Cet attentat qui a fait au moins dix morts et une centaine de blessés a été revendiqué par le « moudjahid » Chamil Bassaïev (lui-même tué le 10 juillet 2006),  le commandant d’un groupe d’indépendantistes tchétchènes.

Chamil Bassaïev. On notera une étrange ressemblance avec le suspect d’Akkuyu…

La lutte turque contre Daech

Au début février, le ministre de l’Intérieur Ali Yerlikaya avait déclaré que la Turquie avait arrêté 147 personnes soupçonnées d’avoir des liens avec Daech dans le cadre d’opérations menées dans 33 provinces.

En janvier, un citoyen turc a été tué par deux hommes armés de Daech dans l’église catholique italienne Santa Maria à Istanbul. La police avait alors arrêté deux personnes soupçonnées d’avoir perpétré l’attaque.

Selon les autorités d’Ankara, Daech désigné comme « mouvement terroriste » en 2013 est la deuxième plus grande menace pour la Turquie après le PKK avant les groupuscules d’extrême-gauche radicale dont le plus important est : le Parti-Front révolutionnaire de libération du peuple (DHKP-C).

Le pays a depuis été attaqué à plusieurs reprises par Daech qui a causé la mort de plus de 300 personnes et en a blessé  des centaines d’autres dans au moins dix attentats suicides, sept attentats à la bombe et quatre attaques à main armée.

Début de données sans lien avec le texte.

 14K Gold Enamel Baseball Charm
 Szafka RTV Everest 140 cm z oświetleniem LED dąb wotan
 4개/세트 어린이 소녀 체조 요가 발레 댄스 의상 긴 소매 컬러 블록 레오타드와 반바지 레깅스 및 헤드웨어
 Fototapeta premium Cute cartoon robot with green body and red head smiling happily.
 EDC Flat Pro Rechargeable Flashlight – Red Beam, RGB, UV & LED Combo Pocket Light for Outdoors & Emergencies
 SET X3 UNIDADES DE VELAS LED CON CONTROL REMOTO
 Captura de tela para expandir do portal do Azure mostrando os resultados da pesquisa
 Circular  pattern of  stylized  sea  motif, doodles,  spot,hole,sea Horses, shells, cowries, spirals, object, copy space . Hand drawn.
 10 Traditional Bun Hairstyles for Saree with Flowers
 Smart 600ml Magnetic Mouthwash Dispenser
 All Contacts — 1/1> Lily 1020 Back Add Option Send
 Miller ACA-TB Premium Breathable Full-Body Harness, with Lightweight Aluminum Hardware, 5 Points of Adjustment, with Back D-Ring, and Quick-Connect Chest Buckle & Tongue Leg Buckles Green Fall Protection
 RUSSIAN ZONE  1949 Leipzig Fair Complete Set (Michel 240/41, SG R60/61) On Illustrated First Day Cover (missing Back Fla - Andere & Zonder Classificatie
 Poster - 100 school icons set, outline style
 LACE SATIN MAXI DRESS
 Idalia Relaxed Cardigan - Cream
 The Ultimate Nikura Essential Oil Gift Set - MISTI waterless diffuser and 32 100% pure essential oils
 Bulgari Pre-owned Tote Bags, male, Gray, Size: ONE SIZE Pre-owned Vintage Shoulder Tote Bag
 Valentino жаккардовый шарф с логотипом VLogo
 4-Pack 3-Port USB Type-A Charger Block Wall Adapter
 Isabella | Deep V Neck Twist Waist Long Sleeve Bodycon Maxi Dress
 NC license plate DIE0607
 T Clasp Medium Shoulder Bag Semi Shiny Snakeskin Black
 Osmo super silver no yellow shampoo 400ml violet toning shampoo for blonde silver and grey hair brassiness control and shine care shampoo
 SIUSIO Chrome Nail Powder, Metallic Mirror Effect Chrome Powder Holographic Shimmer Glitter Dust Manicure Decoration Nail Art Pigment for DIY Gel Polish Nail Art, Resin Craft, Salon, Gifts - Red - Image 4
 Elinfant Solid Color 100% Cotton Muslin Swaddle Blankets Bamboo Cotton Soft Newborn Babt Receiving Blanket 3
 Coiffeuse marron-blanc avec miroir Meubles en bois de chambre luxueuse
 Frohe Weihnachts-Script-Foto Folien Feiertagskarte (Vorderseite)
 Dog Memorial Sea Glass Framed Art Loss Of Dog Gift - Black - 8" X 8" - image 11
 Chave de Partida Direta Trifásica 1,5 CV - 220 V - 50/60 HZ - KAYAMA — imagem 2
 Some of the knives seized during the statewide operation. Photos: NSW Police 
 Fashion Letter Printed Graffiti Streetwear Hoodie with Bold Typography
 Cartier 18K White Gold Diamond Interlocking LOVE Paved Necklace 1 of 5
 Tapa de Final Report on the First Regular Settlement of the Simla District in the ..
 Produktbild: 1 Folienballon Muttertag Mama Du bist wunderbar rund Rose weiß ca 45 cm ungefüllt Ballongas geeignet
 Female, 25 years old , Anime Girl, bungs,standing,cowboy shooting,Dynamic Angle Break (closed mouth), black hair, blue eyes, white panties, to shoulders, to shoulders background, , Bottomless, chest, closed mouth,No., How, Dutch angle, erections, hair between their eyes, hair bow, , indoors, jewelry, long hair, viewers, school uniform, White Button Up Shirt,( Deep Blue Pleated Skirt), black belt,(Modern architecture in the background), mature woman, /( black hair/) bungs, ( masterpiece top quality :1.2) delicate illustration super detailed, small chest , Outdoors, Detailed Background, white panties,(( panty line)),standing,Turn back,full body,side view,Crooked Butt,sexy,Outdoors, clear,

Le programme nucléaire turco-russe

En vertu d’un accord conclu en 2010, la Russie est responsable de la conception, de la construction, de l’entretien, de l’exploitation et du démontage de la centrale Akkuyu après la fin de sa durée de vie estimée à 60 ans.

La centrale regroupe quatre unités qui abritent des réacteurs de type VVER-1200/513. Une fois achevée, la centrale devrait produire près de 35 milliards de kilowattheures d’électricité par an.

Au-delà du projet Akkuyu, la Russie s’est déclarée intéressée par la participation de ses sous-traitants à la construction de la centrale nucléaire de Sinop sur la mer Noire (le terrain est déjà déboisé, photo ci-après) et des petits réacteurs modulaires (PRM ou SMR en anglais) à fission de faible puissance.

Il n’en reste pas moins que la sécurité des installations sensibles – et en particulier des centrales nucléaires – est un sujet prioritaire surtout en raison de la charge symbolique de l’atome (explosions de bombes, accident de Tchernobyl, etc.). Elle démarre bien en amont des barrières de protection qui entourent les installations, par le renseignement. Il semble que cela soit le cas de cette affaire car elle serait le résultat de la coopération sécuritaire entre Ankara et Moscou.